**Exercise directions:**
Please repeat each line below exactly, with no images in the copy.

**Collected data:**
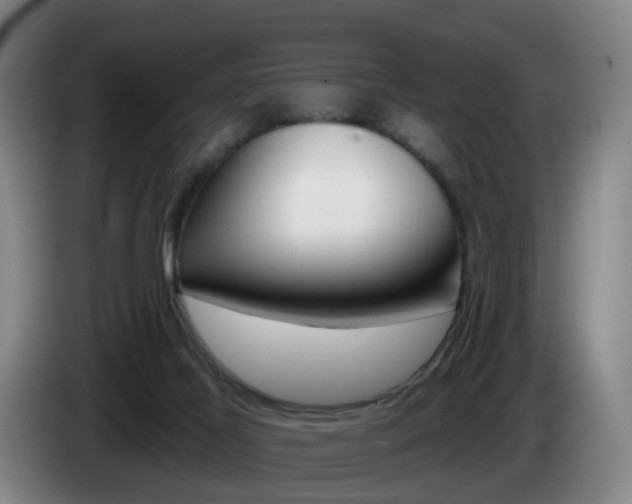X0000085320021200703091124
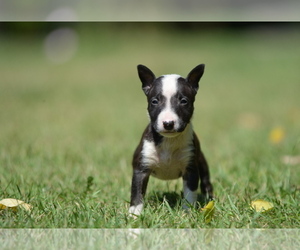Miniature Bull Terrier Puppy for Sale in Kiskoros, Bacs-Kiskun Hungary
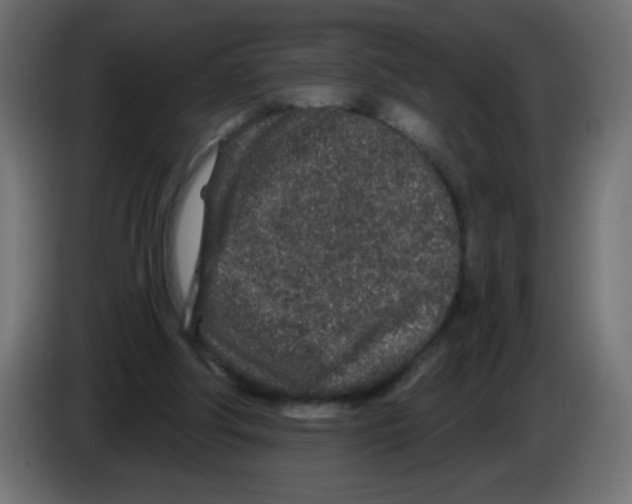 X0000083020202200703022011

**Response:**
X0000085320021200703091124
Miniature Bull Terrier Puppy for Sale in Kiskoros, Bacs-Kiskun Hungary
 X0000083020202200703022011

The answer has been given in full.